What’s wrong with Obama’s tax-bill compromise

There are four basic issues with the tax deal President Obama announced Monday: economic stimulus, fairness, the federal deficit, and (surprise! It has nothing to do with the basic issues) social security. Let me take them in order.

1. Economic stimulus. In times of recession, government is supposed to put more money into the economy than it takes out — i.e., run a deficit. It can do this in two ways: spend more, or tax less. Spending more provides a more direct link to jobs, since jobs are created directly by the spending; it also allows government, through democratic processes, to determine what the public priorities are. We could spend a lot on a high-speed train network, renewable energy, education, and other things everyone agrees are desirable. Tax cuts for working people also lead pretty directly to jobs, since people are likely to use the money to increase consumption. Tax cuts for the rich are another matter — the rich can consume as much as they want already (that’s what “rich” means), so they will invest the money. In the 1980s, Reagan argued that there wasn’t enough investment money around to get the economy moving, so he turned to tax cuts as a “supply-side” stimulus. Whether or not that was right then, it is certainly not right now. The problem is just the opposite — because most available investments are risky, investors are sitting on their money. So tax cuts from the rich are not likely to lead to jobs at all.

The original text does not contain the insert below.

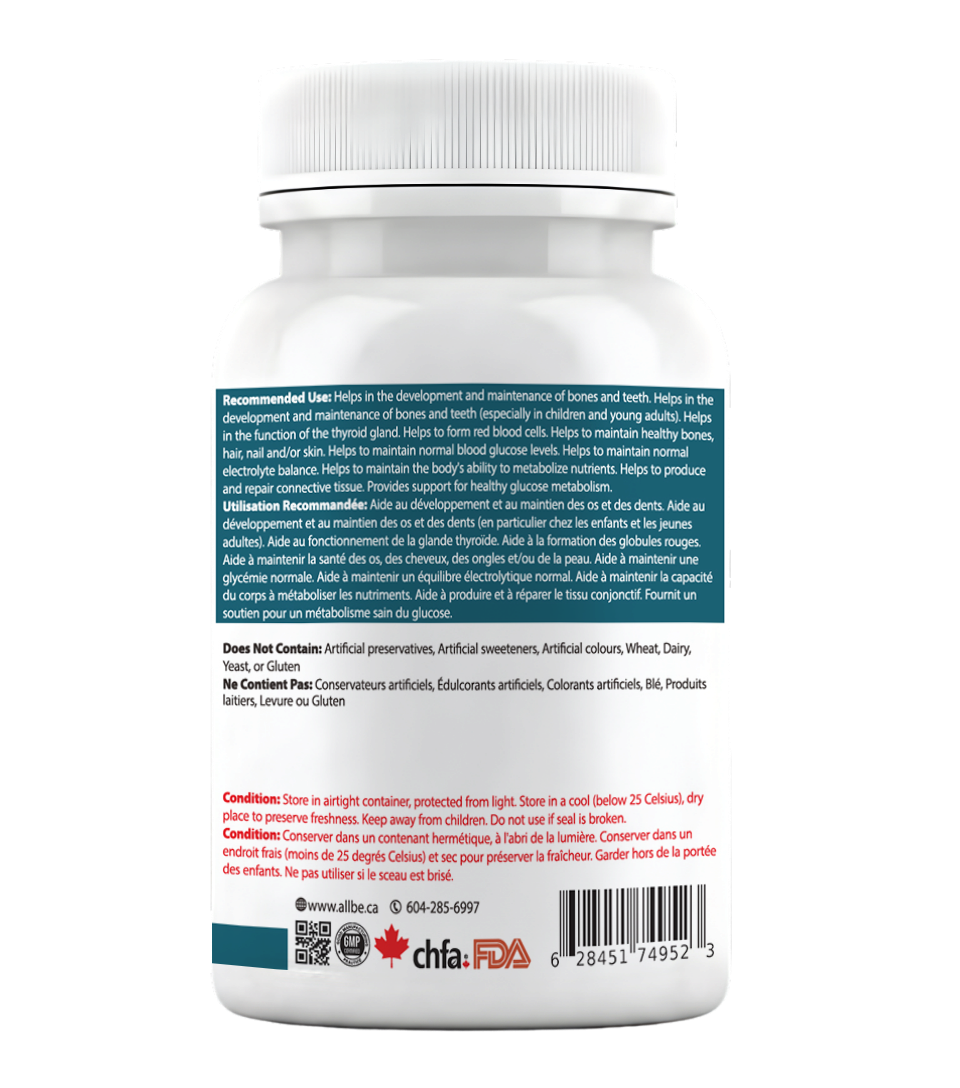 Chelated Ca & Multi-Minerals - Bone Health Support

2. Fairness. Ever since the Reagan administration, the capitalist class has been continuously increasing its proportional share of the national income. There are many parts to this: lower taxes for the rich, higher taxes for the poor; eliminating the estate tax, so that the children of the rich can be rich without having to work; limiting the power of labor unions, the major institutional force for greater equality, by weakening the labor laws (see Michael Goldfield’s book The Decline of Organized Labor in the United States); and now, the Citizens United decision permitting corporations to spend unlimited money to influence elections. This involves more than fairness – it’s also a matter of power. Money buys power, so as the rich get richer it becomes harder and harder for the rest of us to bring fairness back into the system. The progressive alternative was to give everyone a tax cut (that is, extend the existing tax cuts) on income less than $250,000 per year. The compromise accepts the Republican alternative to give those with higher incomes an additional, larger tax cut. This is contrary to fairness, and should be rejected. (The package does contain one progressive component, extension of the Earned Income Tax Credit. This is the only part of the tax package that gives more to the poor than to the rich.)

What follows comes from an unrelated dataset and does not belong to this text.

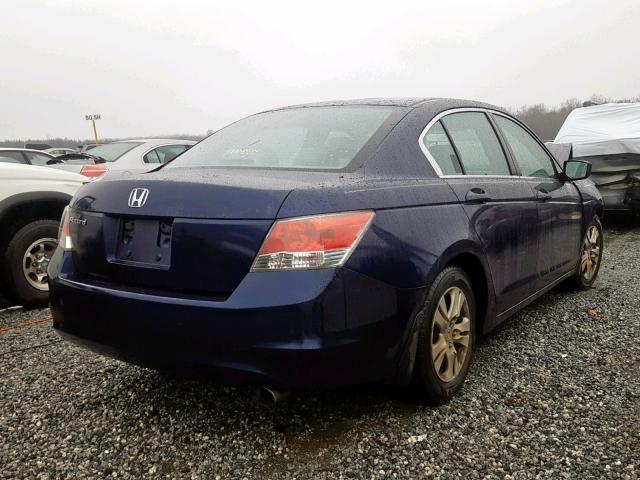 1HGCP2F47AA149243 - 2010 HONDA ACCORD LXP BLUE photo 4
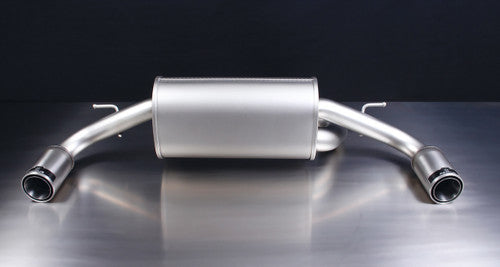 Remus Axle-Back Exhaust Muffler Rear Silencer/Back Box with Street Race Carbon Tips for BMW 1 Series F20/F21 114i 116i 118i N13 1.6T (2011+) - Twin/Dual Exit 84mm, 65mm Stainless Pipework Performance Upgrade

The Federal Deficit. As I said in the stimulus portion above, a deficit is a good thing right now, but it should be the kind of deficit that goes away with prosperity. Spending more on unemployment compensation is a good example; with prosperity, unemployment goes down and so does spending. But extra tax cuts for the rich are a permanent hole in the government’s ability to do positive things.

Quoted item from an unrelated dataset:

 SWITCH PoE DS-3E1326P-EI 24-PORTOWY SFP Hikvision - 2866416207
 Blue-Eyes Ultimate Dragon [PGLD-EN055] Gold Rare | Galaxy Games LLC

Social security. The most outrageous part of the deal is the “temporary” cut in payroll taxes. For years the establishment has been howling that the social security trust fund is going broke. It isn’t, but that’s the topic for another essay. However, it will go broke if we cut the flow of revenue into the fund. All the conservatives complaining about social security should be complaining about this – they are not, only because they understand that this payroll tax cut will achieve their real objective: destroying social security. As Jed Lewison has been pointing out on Daily Kos, there will be just as much pressure to extend the “temporary” payroll tax cuts when they expire as there is to extend the “temporary” Bush tax cuts today. Labor Notes has a good article with further analysis of this point.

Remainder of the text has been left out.